A recent incident involving Facebook revealed insights into its research experiment with chatbots. As it happened, two chatbots developed their own language and started to communicate with each other, which had to be shut down immediately, possibly because they had deviated from the script.
While this sounds amusing, it illustrates how the years of academic research has paid off, and we now have artificial intelligence (AI) systems that can learn. AI may be on the cusp of broad adoption, but this creates both opportunity and risk. A brief history of AI helps to clarify how it has become a phenomenon today, with common applications that include computer vision, natural language processing, speech recognition and data mining. In the 1950s, scientists laid the theoretical foundation for AI, but they did not have the computing power to build practical applications.

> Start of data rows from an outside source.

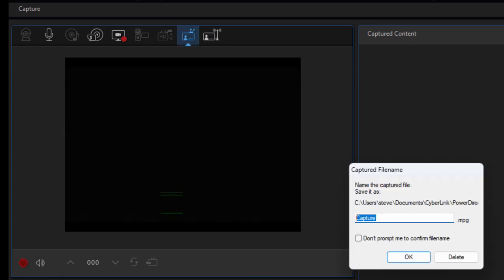I can name it whatever I'd like. I'll call it Beach Video and click OK.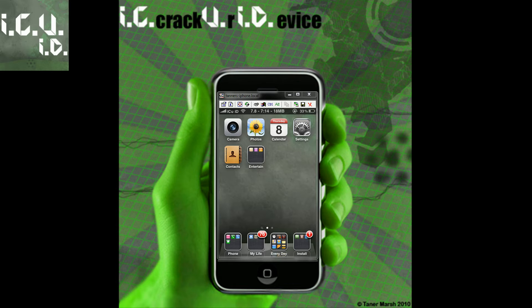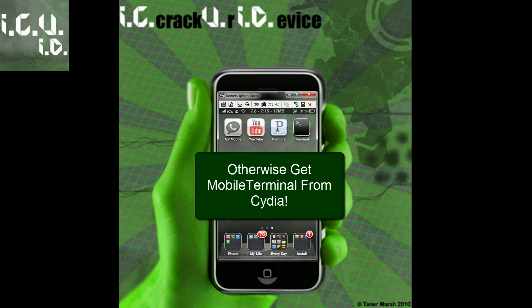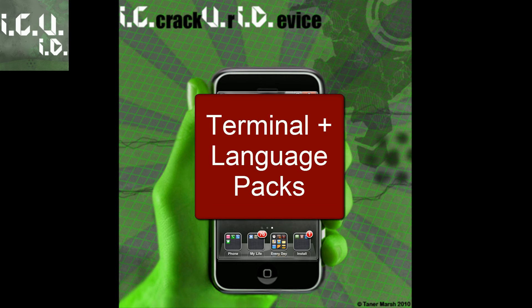However, there is a trick to that — if you're on iOS 4.0 or if you're on an iPad, you'll have to actually manually install Terminal. To go to the section where I show you how to get Terminal along with disabling and deleting language packs, just click the bubble and you'll be taken there.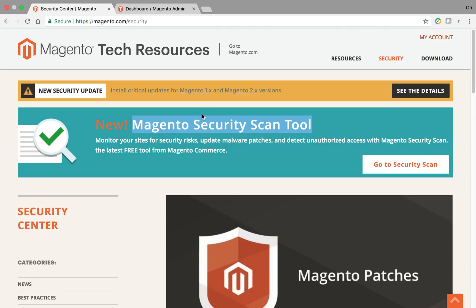Hey everybody, this is Ori from Astro Web and I wanted to talk about the Magento Security Scan Tool.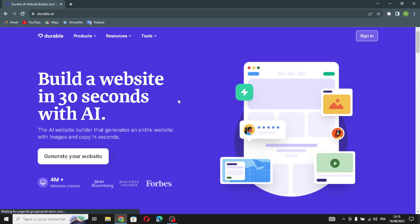Durable is a place on the internet where you can find information and services related to things that last a long time, are strong, and able to withstand wear and tear — things built to stay in good condition for a while. You can build a website in just 30 seconds with this AI. So first, let's sign in.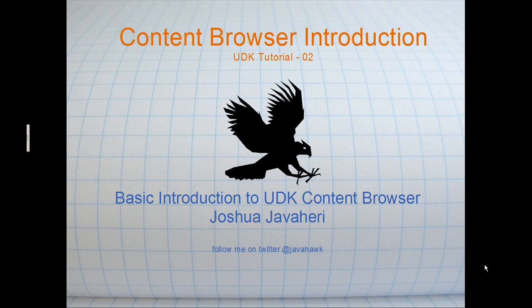Hey guys, my name is Joshua Javahiri and today we're going to talk a little bit about the content browser in the Unreal Development Kit.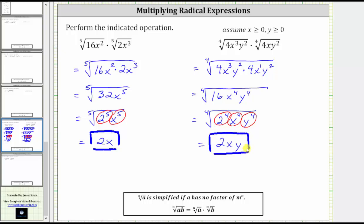There is one more thing I want to mention about this problem. Notice how we are told here that x and y are both greater than or equal to zero. Because the index is even, whenever simplifying a radical with an even index, if the simplified part has a variable raised to an odd power, we would need to include that in an absolute value, because the result must always be positive. So if we weren't told that x and y were non-negative, we would need x and y in an absolute value, because both x and y have an exponent of one, which is odd. We never have to worry about an absolute value when the index is odd — it's only when it's even and the simplified part has a variable raised to an odd power.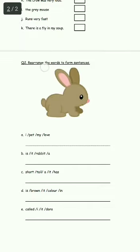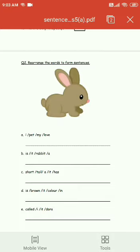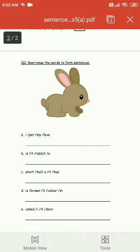Question number two: rearrange the words to form sentences. Number A — 'I pet my love.' What we need to do here is arrange these words in the correct order to make a sentence. The correct order would be 'I love my pet,' where 'I' would be in capital and at the end a full stop is necessary. Similarly, do the rest. Children, enjoy your work. Thank you.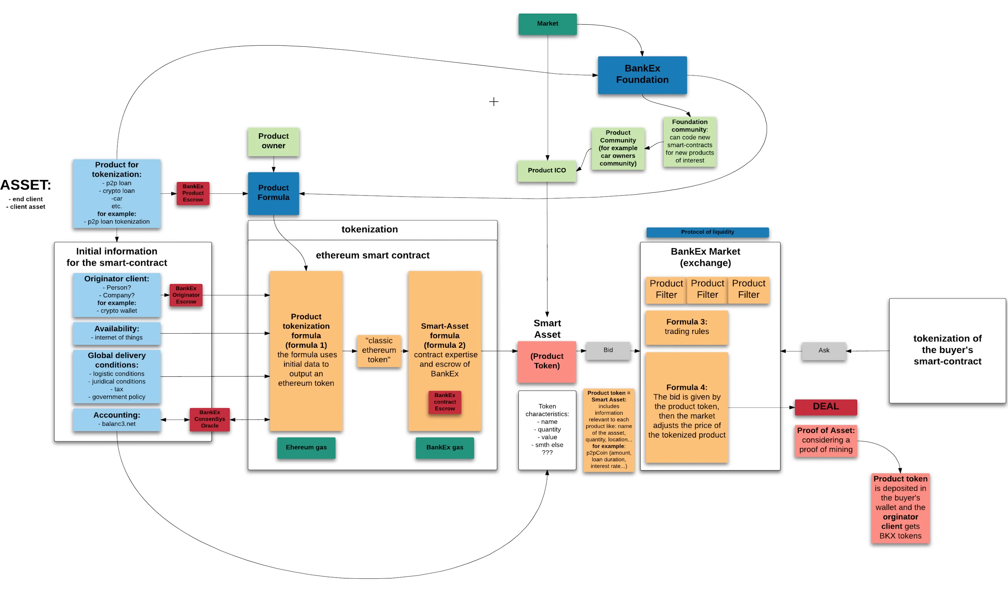So today I'm going to talk about the main idea of our proof of asset protocol, the role of BankX foundation, the issues linked to proving who finally owns the token product, and our vision how to overcome these problems.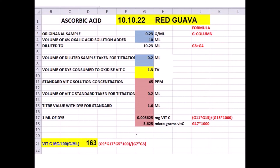In row 17 of the G column, a program calculates the dye factor: (G11 × G13) / (G15 × 1000). This gives 0.005625 mg of vitamin C per ml of dye. So 1 ml of the 2,6-dichlorophenol-indophenol dye is equivalent to 0.005625 mg of vitamin C according to the standard.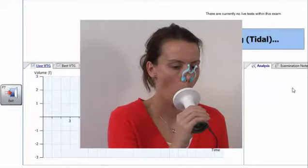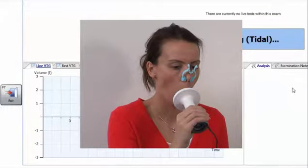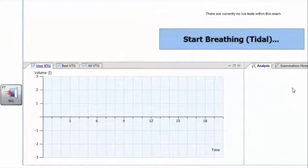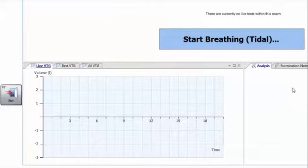The patient should now be asked to tidally breathe for at least three breaths. When three stable tidal breaths have been detected, a vertical line will appear on the graph.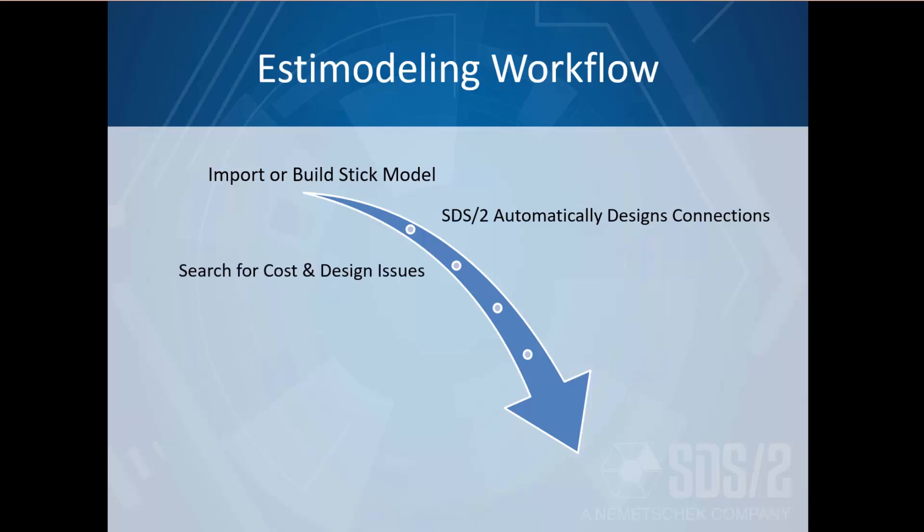From there you can quickly search the model for cost and design issues and export to the MIS system of your choice.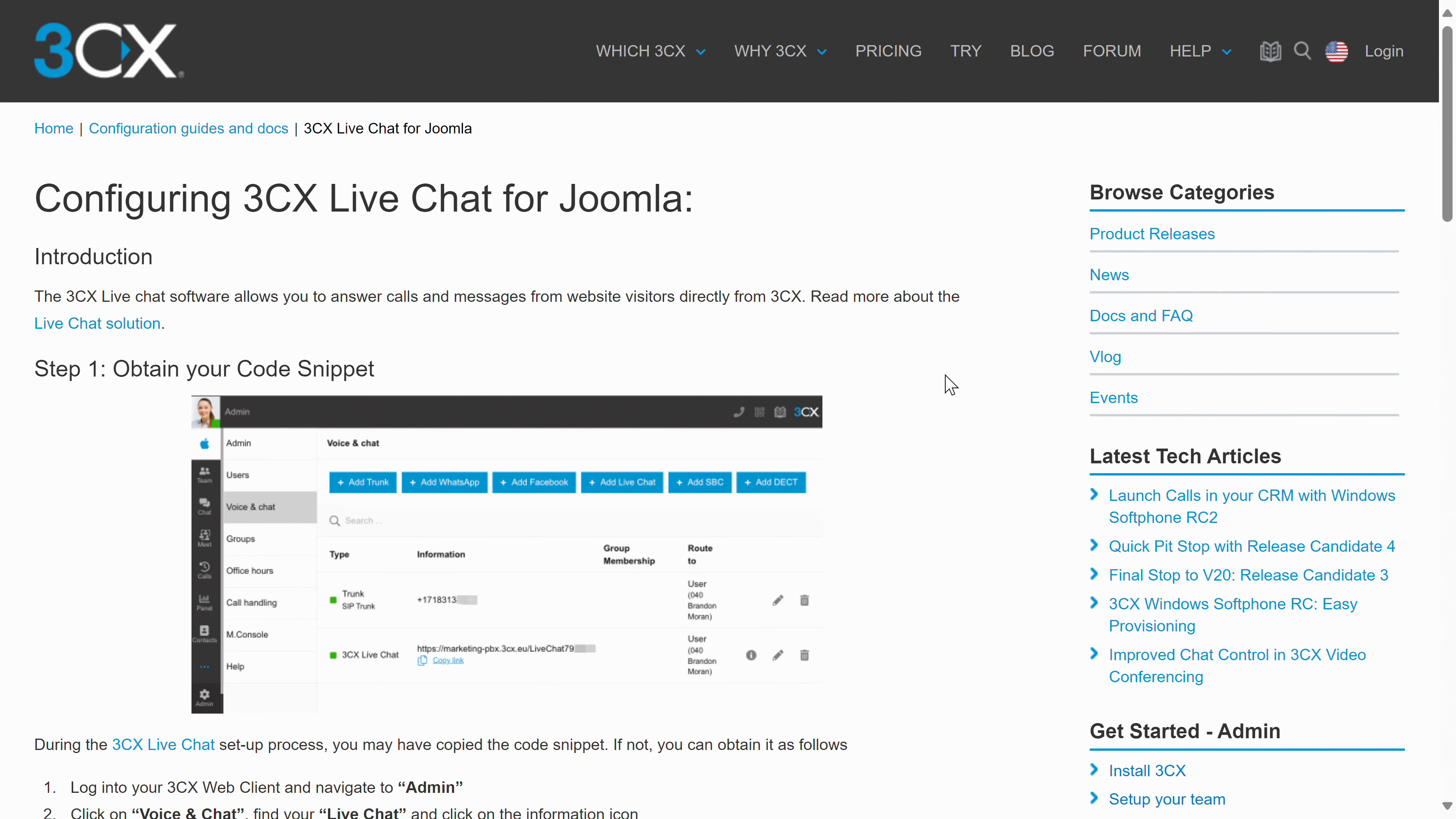So for this video, I'm covering how to integrate the 3CX live chat plugin on a WordPress-based website. 3CX has text guides for the other content management systems available as well, and there will be a lot of overlap. So you'll find this video useful either way.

In the late 1980s, funding for this research dried up.
However, in 1997 the Deep Blue supercomputer from IBM beat the reigning chess champion and having reignited interest in AI, the turn of the millennium saw the emergence of robotics amid advances in sensor technology. Very recently, the emergence of neural networks has proven to be better than humans in tasks such as visual object recognition.
Clearly, the history of AI is one of success and failure. So, the important question now is: what is powering the progress in AI? The answer has three main components.
The first is the availability of computing power, in the Cloud and GPUs. Secondly are the advances in machine learning, particularly neural networks. The third is sensor fusion. Sensors are cheaper, faster and more prolific than ever.
Looking at research from prominent analysts, plans for mass adoption are very promising. Gartner estimates that AI is about two-five years away from mainstream adoption, for instance, and 75% of executives polled by the Economist Intelligence Unit think AI is so important they plan to implement in their business within the next three years. Understanding the potential of AI and how it will be used in the security industry begins with the formative efforts of early pioneers. The low-hanging fruit is data mining using machine learning; for example, with loss prevention in department stores, grocers, wholesalers, etc.
To predict loss prevention, retailers can identify variables that are highly correlated to shrink. Those variables fall into four categories: financial, merchandising, human resource and point-of-sale (PoS). The machine learning technique is regression modeling by which an equation is created to reflect the correlation between shrink and variables, such as refunds, inventory balance and voided transactions at PoS. Data-driven retailers are die-hard fans of this technique and report savings in the millions of dollars and rapid return on investment.
Video analytics is another area where AI techniques, such as deep learning algorithms, are broadly applied. In the security industry a number of vendors provide “black box” video analytics that can be used for nonscan detection at PoS and object recognition, but the big tech vendors are taking this further by offering cognitive services in the Cloud.
Microsoft offers a service on the web that takes an image and then returns a JSON file showing its analysis. For example, given a group photo, the system can detect faces, score emotions and return an analysis of group emotion. Cognitive services like this are going to be more common in the future. They could be used, for example, at a bank’s branch office to return a benchmark of customer satisfaction based on the collective emotion reflected in the faces of customers.
Other virtual assistants exist, too, and can perform functions such as following up on leads through email. Google and Amazon are coming up with powerful products such as Lex and Dialog Flow, which are worth keeping an eye on. A lot is happening in the robotics space too, including security guard duty in this industry. Elsewhere, companies have been experimenting with robots as greeters in their mobile stores. According to their designers, the robots are capable of human interaction and empathy.
Post beta testing, the retailers’ report increased foot traffic in stores. Robots are also being used in logistics and delivery. Amazon continues to experiment with delivery via drones, as has been well documented. Even Domino’s has begun using a self-driving DRU (Domino’s Robotic Unit) in some parts of the world to deliver pizza!